Roger - We come up with what we call merit indices and those merit indices are figures of merit which describe how any given trial of synthetic composition would behave in creep, or in fatigue, or in strength. And we do that by making estimates for suitable defect energies which describe how easy it is for that alloy to deform. It comes down to a number of composition dependent energies which we can estimate using the theory that you just described.
Dave - I guess you're not just dealing with two metals in an alloy. You're dealing with many. Does this add more difficulty?
Roger - Yes, that's quite right. The kind of alloys that I look at in my research are the nickel-based superalloys. Those are the alloys which are used in the very hot parts of the turbine engine, of the type that you would use for a jet propulsion or for electricity generation in a power generation circuit. Those alloys are quite complicated. They typically have maybe 7, 8, 9 - maybe as many as 10 different alloying elements. We add chromium, for example, and cobalt. The chromium is added for much the same reason that you would add chromium to a stainless steel - to make it oxidation and corrosion resistant. We add also elements such as aluminium and titanium to promote precipitation strengthening. That makes the alloy start to behave a bit like a composite, so you have small particles of a second phase present which adds strength to the materials. Then we add other exotic elements, much rarer and more expensive refractory elements like tungsten, candidum, and even rhenium. And even some precious metals like ruthenium have been shown to confer very best properties particularly in creep, where one is interested in making sure that the alloys don't deform and stretch continuously over time under the stress that they experience in the engine.
So yes, there's quite of range of elements which are added, and this does provide the complexity which makes the computer modelling methods useful because if you think about it, each element needs to have a particular concentration associated with it. The concentration ranges are quite wide and with so many elements there, perhaps 8 or 9, or 10, the number of combinations that you can come up with synthetically is quite large. That's the power of computer modelling methods; we are able to do that sorting and ranking, and prediction on the computer without the need to go to the laboratory to make the alloys and do the testing. That does two things. It reduces the cost, but it also allows us to identify the compositions quickly. In a market where you need to get new alloys into the engine quickly, so that new products can be flown within perhaps the period of 1 or 2 years, rather than the traditional 8 or 9 years, that's very, very useful.
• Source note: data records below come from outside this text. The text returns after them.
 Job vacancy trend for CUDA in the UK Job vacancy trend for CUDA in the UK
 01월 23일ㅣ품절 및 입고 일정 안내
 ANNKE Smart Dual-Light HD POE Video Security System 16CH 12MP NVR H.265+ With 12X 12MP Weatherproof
Dave - Are you fine tuning principles which people have worked out by the rough and ready system or are you working out new things which can go into the mixture?
Roger - New theories have been needed, yes. Of course, we are building on the shoulders of the giants as they say. Lots of people have worked on these sorts of alloys over the last 20, 30 years and of course, they can traced back to Whittle's very first engine which flew round about the time of the second World War. But theory has been needed to explain and to put in place composition dependent theory for the important properties such as strength, creep and toughness. I think in the last 5 or so years, that theory has matured and that's really what's allowed us to propose these new computer modelling methods to do the alloy design using theoretical methods.
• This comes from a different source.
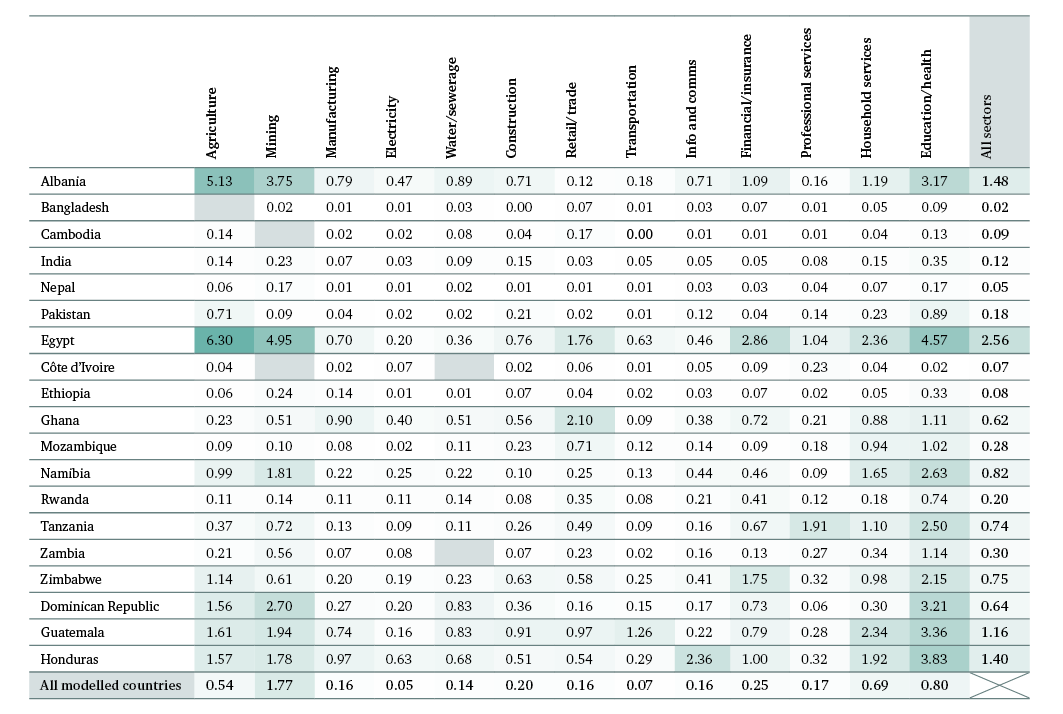Figure 9: The cost of workforce obesity (as a proportion of GVA, %)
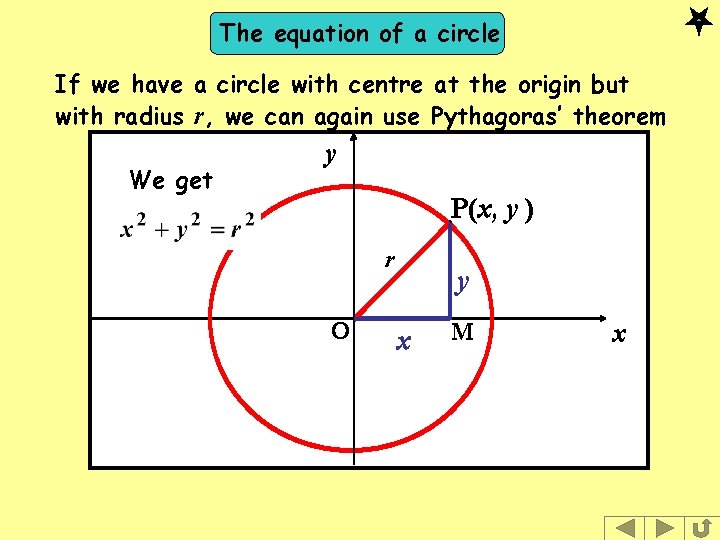 The equation of a circle If we have a circle with centre at the The equation of a circle If we have a circle with centre at the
Dave - So once you've got one of these, once you've run your models, what do you pass on to the guys that actually got to make the things?
Roger - Typically, we would suggest alloy compositions which we believe to be useful. That would mean the exact concentration in either weight percentage or maybe atomic percentage - percentage of the different elements there. So for example, for a turbine disk alloy, we may specify perhaps 15 or 16 weight percent of chromium in the latest alloys. You may then have smaller amounts of aluminium and titanium, tungsten and so on. We specify the compositions which we believe are required to lead to the very best properties.